Working by the light of his truck, Allen was in a wooded residential neighborhood a 10-minute drive from the shores of Lake Tahoe. This was the forward edge of the Caldor fire, although there were so many small spot fires that the landscape resembled more a series of large camp fires than a singular front.

On Monday, embers had leapt down the steep slopes of the Tahoe basin, igniting the spot fires that now needed to be laboriously extinguished to prevent the fire from advancing toward the lake.

One of those embers had set alight a tree a few hundred feet from where Allen hacked the soil.
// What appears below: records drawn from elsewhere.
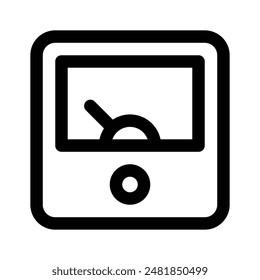 Grab this carefully crafted speedometer icon in modern style, speed indicator sign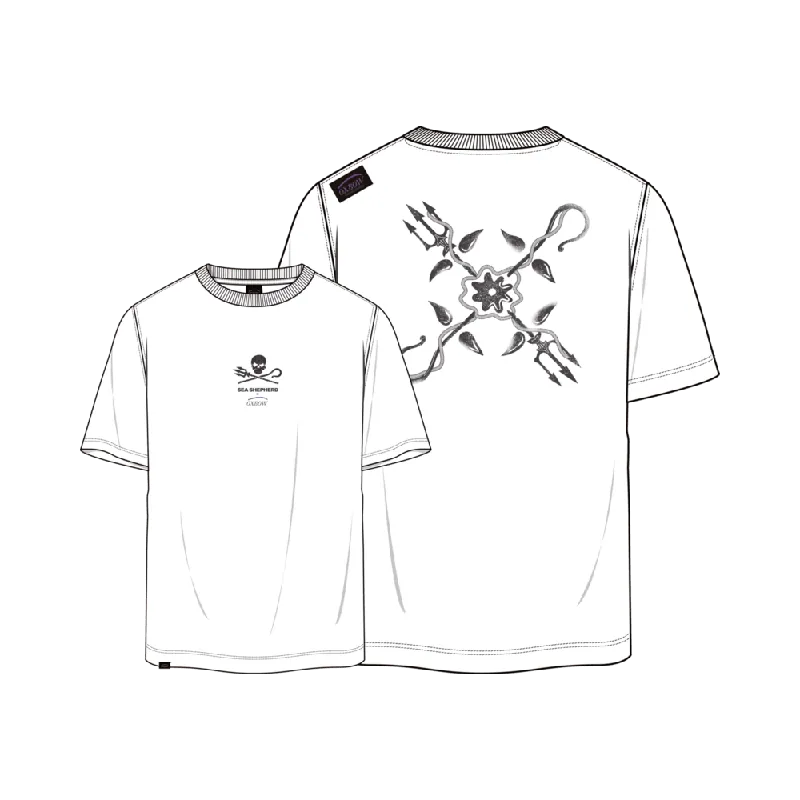 Oxbow x Sea Shepherd Shirt Blanc XS Heißes Angebot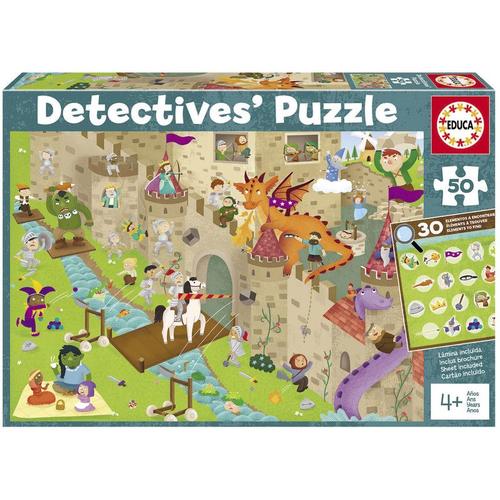 Puzzles Junior  50 Chateau "Detectives' Puzzle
Without warning the burning tree produced a shower of sparks, a bright Milky Way of fire.

“There’s a little bit of beauty in all this destruction,” Allen said.

The potential for destruction is clear. The fire is menacing tens of thousands of what fire statisticians dryly call structures — wooden vacation cabins, Thai restaurants, churches, cheap motels and five-star resorts. Since the fire landed in the Tahoe basin on Monday, everything has seemed vulnerable, all the places that crowd the lake.

On Tuesday night, the fire ravaged stands of trees but did not seem to move in any consistent direction. A 40-minute drive from Lake Tahoe — in the hills across from the Kirkwood ski resort — one leg of the Caldor fire aggressively burned entire hillsides, casting a reddish glow into the night sky.

Closer to the lake, the fire was more sedate in the early hours of Wednesday, burning more gently than it had the night before, when it forced its way into the basin.

The fire has a ways to travel before it reaches the lakeshore. A golf course, an airstrip, a timber merchant’s roadside lot crowded with neatly stacked logs and, perhaps more ominously, a propane storage facility — all separating the flames from the boundary line of South Lake Tahoe, the most populous city on the lake.

Given the erratic — and often terrifying — behavior of California’s megafires in recent years, it seems anyone’s guess when and whether the fire will reach the lake.

Firefighters on Tuesday night were making a stand, calculating that they might be able to stop the flames at a creek along Highway 50, the road that wends down from the mountains toward South Lake Tahoe.

Minutes before midnight, hand crews were clearing brush by the lights of their headlamps. A cacophony of chain saws, generators and pickaxes striking the soil competed with the rumbling of diesel engines of fire trucks lined up along the side of the road.

An engineer with a firefighting unit from Tuolumne County was drawing water from the creek and redirecting it through 2,000 feet of fire hose to extinguish burning trees.

A few minutes away, a crew from Clovis, a city in California’s Central Valley, went to investigate a brightly lit spot fire burning in the woods. The unit’s captain, Rob Wright, decided to leave it alone.

“There’s too many of these to put them all out,” he said.